George Will rips into the environmental movement and denounces environmentalism as "collectivism in drag." The first half of his column exposes the idiocy of the ANWR drilling opponents:
Area 1002 is 1.5 million of ANWR's 19 million acres. In 1980, a Democratic-controlled Congress at the behest of President Carter set area 1002 aside for possible energy exploration. Since then, although there are active oil and gas wells in at least 36 U.S. wildlife refuges, stopping drilling in ANWR has become sacramental for environmentalists who speak about it the way Wordsworth wrote about the Lake Country.
Few opponents of energy development in what they call ``pristine'' ANWR have visited it. Those who have and think it is ``pristine'' must have visited during the 56 days a year when it is without sunlight. They missed the roads, stores, houses, military installations, airstrip and school. They did not miss seeing the trees in area 1002. There are no trees.
Opponents worry that the caribou will be disconsolate about, and their reproduction disrupted by, this intrusion by man. The same was said 30 years ago by opponents of the Trans-Alaska Pipeline that brings heated oil south from Prudhoe Bay. Since the oil began flowing, the caribou have increased from 5,000 to 31,000. Perhaps the pipeline's heat makes them amorous.

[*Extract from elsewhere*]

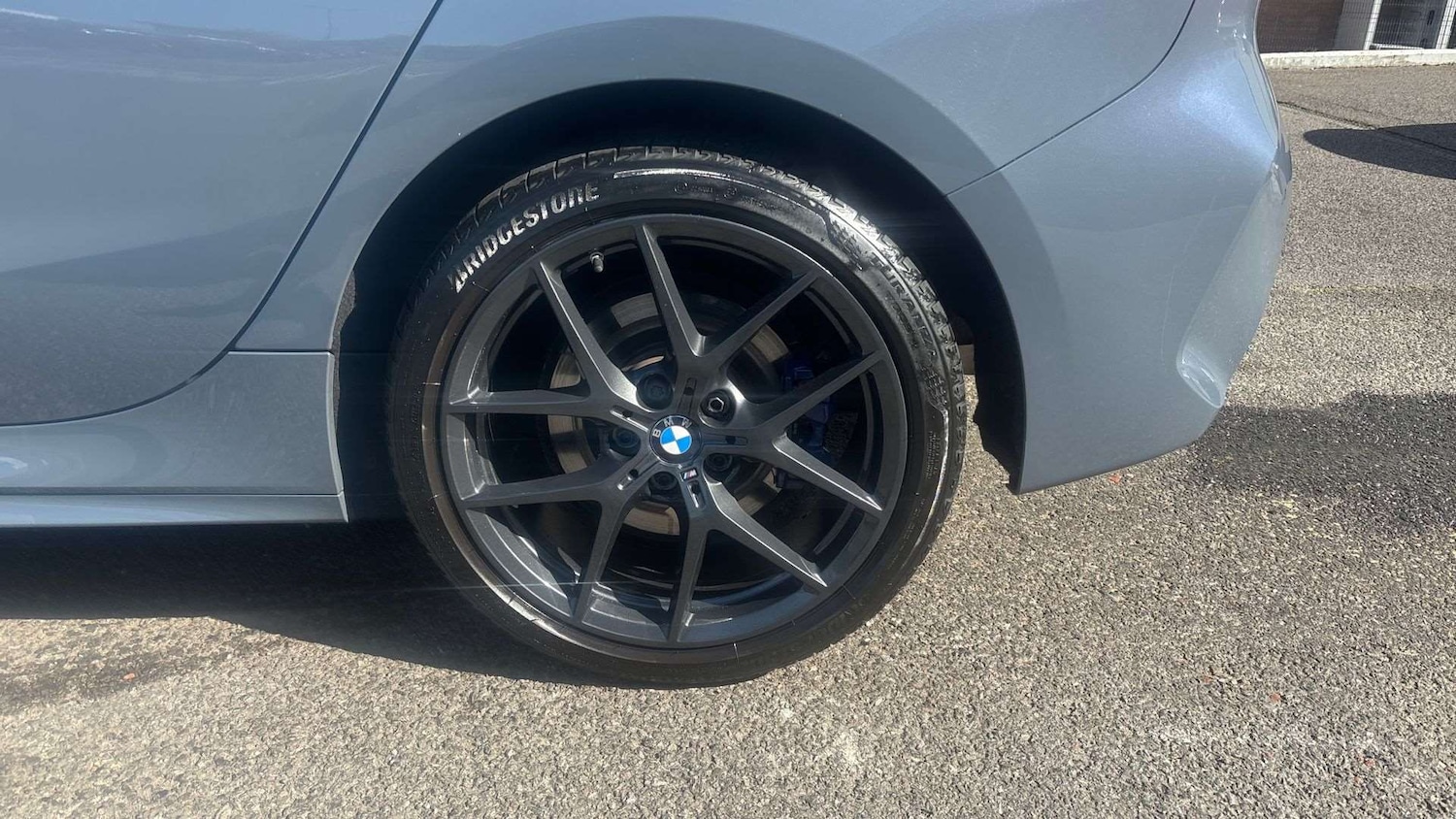 Used BMW 1 Series 2024 for sale - 77943457: Photo 16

Ice roads and helicopter pads, which will melt each spring, will minimize man's footprint, which will be on a 2,000-acre plot about one-fifth the size of Washington's Dulles Airport. Nevertheless, opponents say the environmental cost is too high for what the ineffable John Kerry calls ``a few drops of oil.'' Some drops. The estimated 10.4 billion barrels of recoverable oil -- such estimates frequently underestimate actual yields -- could supply all the oil needs of Kerry's Massachusetts for 75 years.
That's the same Massachusetts that's being supplied with heating oil by Venezuelan madman Hugo Chavez, instead of by American companies using American workers to develop American oil fields that will not harm the American environment.